▸ Problem statement
From the first line to the last, write out the records exactly, leaving the pictures behind.

+===+

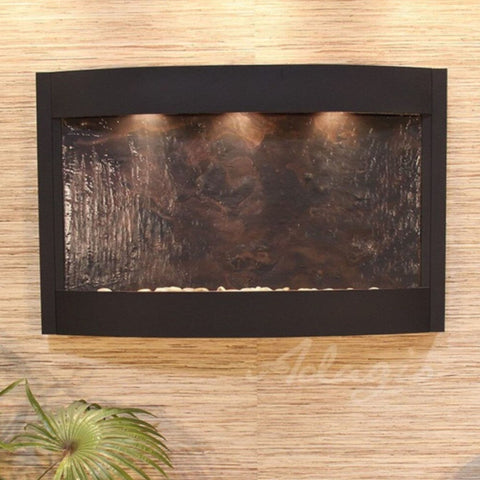 Adagio Calming Waters Wall Fountain With Textured Wall And Palm Leaves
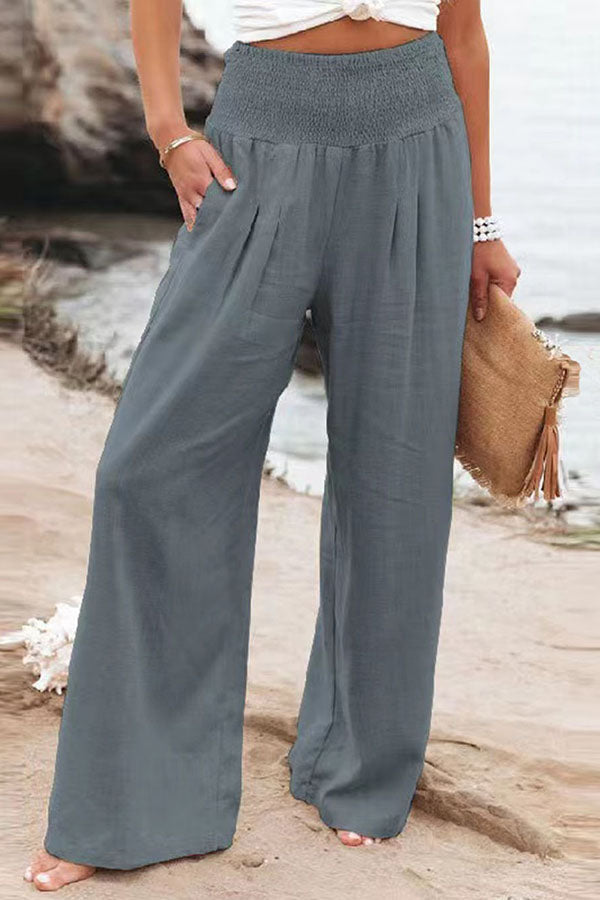 Audrey® | Gesmokte Hose aus Leinenmischung von Fresh Air mit Taschen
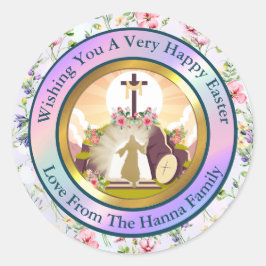 Adesivo Redondo Eu sou a ressurreição e a vida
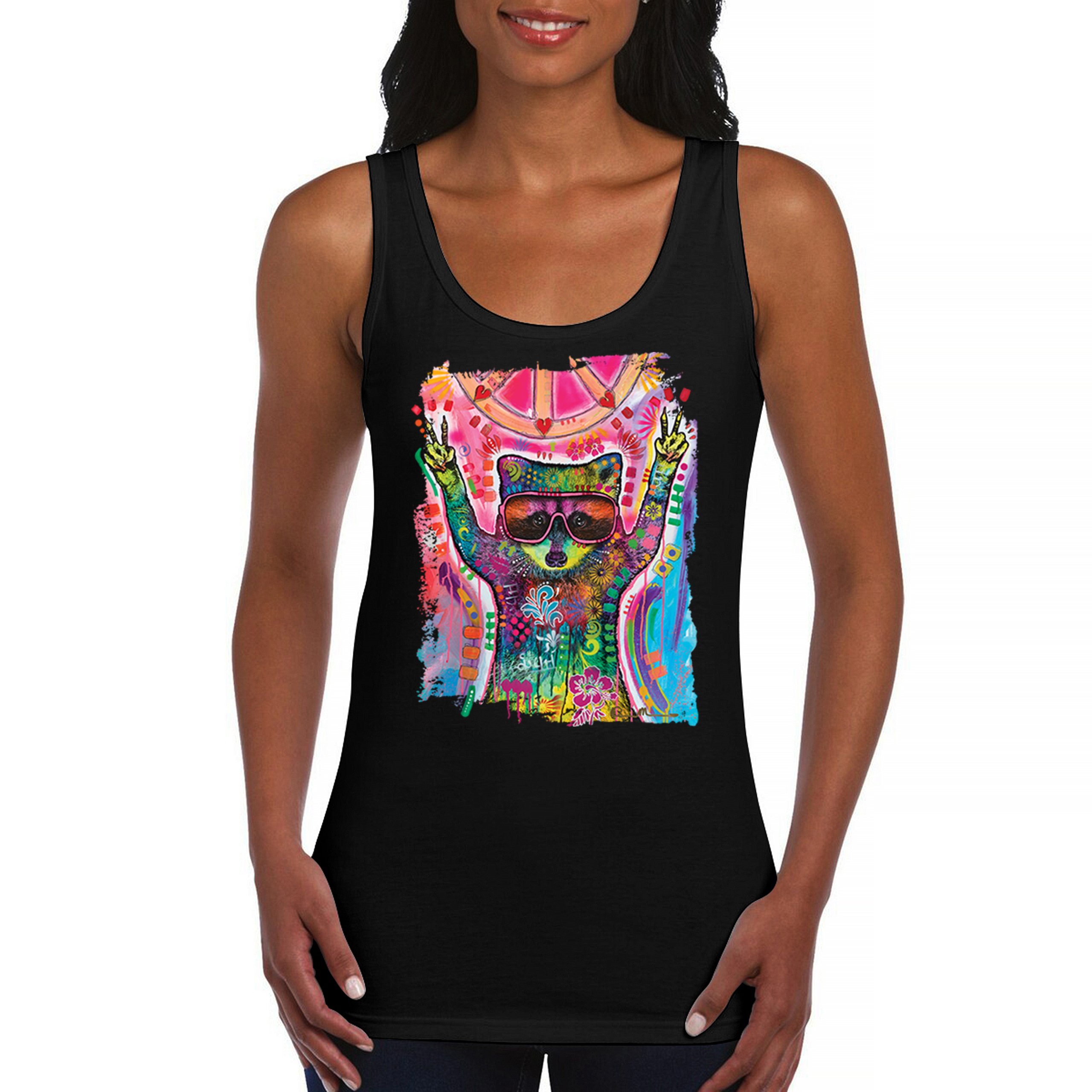 Dean Russo Cosmic Trash Panda Women's Tank Top Funny Weird Hippie - Picture 2 of 36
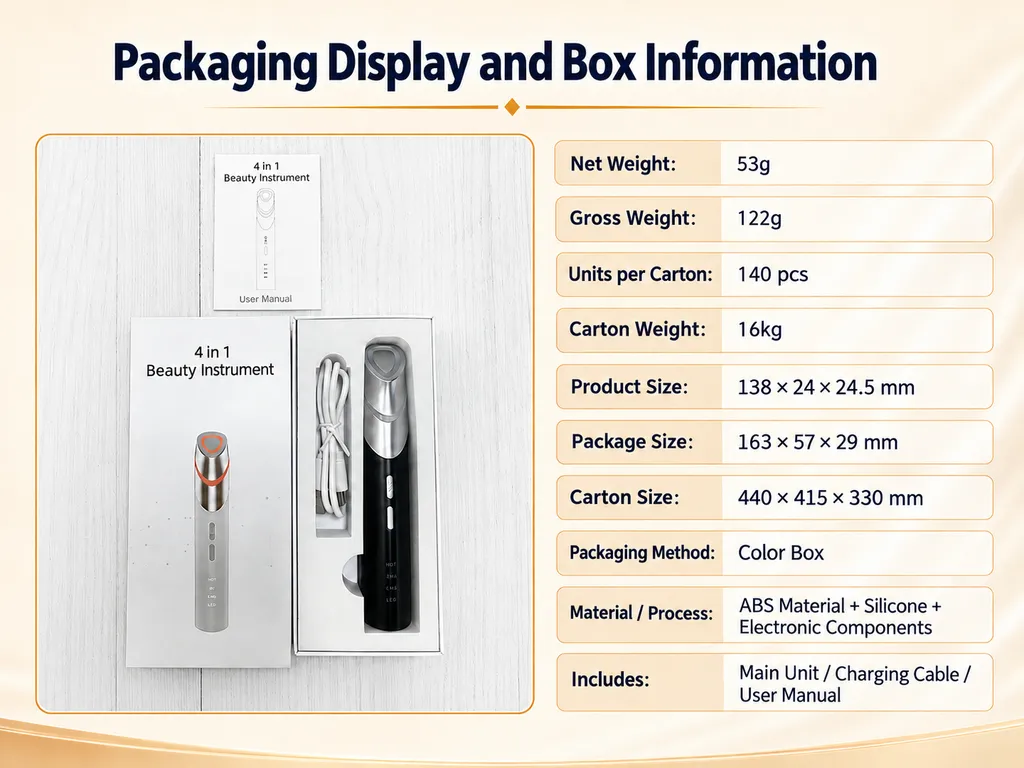 Packaging display and box information showing net weight, gross weight, carton size, and included accessories for the eye care device.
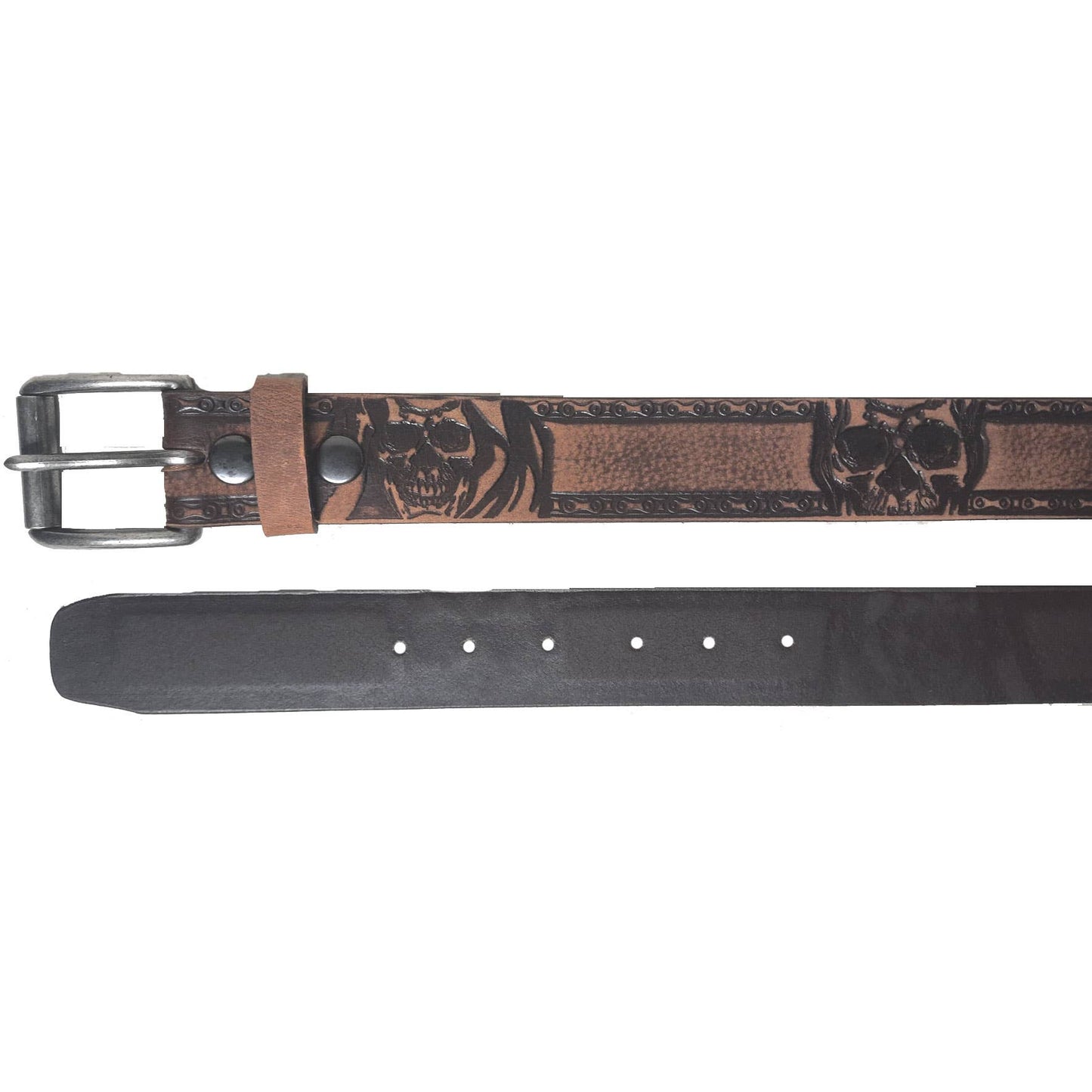 GENUINE LEATHER 40MM SKULL EMBOSSED BELT #1040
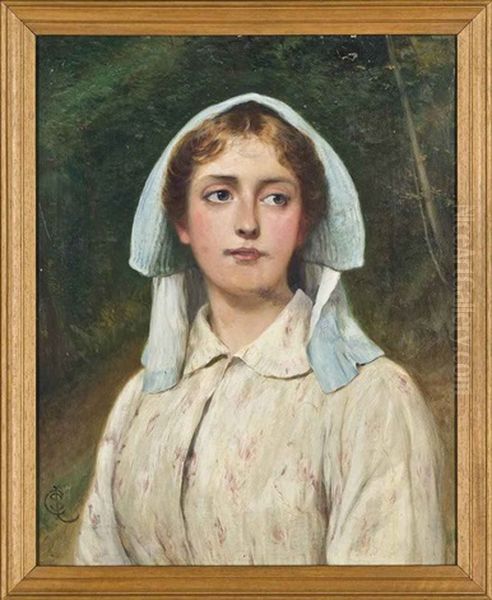 Portrait Of A Young Girl, Bust Length, Standing In A Wood Oil Painting by Charles Sillem Lidderdale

+===+

▸ The completed task
 Adagio Calming Waters Wall Fountain With Textured Wall And Palm Leaves
 Audrey® | Gesmokte Hose aus Leinenmischung von Fresh Air mit Taschen
 Adesivo Redondo Eu sou a ressurreição e a vida
 Dean Russo Cosmic Trash Panda Women's Tank Top Funny Weird Hippie - Picture 2 of 36
 Packaging display and box information showing net weight, gross weight, carton size, and included accessories for the eye care device.
 GENUINE LEATHER 40MM SKULL EMBOSSED BELT #1040
 Portrait Of A Young Girl, Bust Length, Standing In A Wood Oil Painting by Charles Sillem Lidderdale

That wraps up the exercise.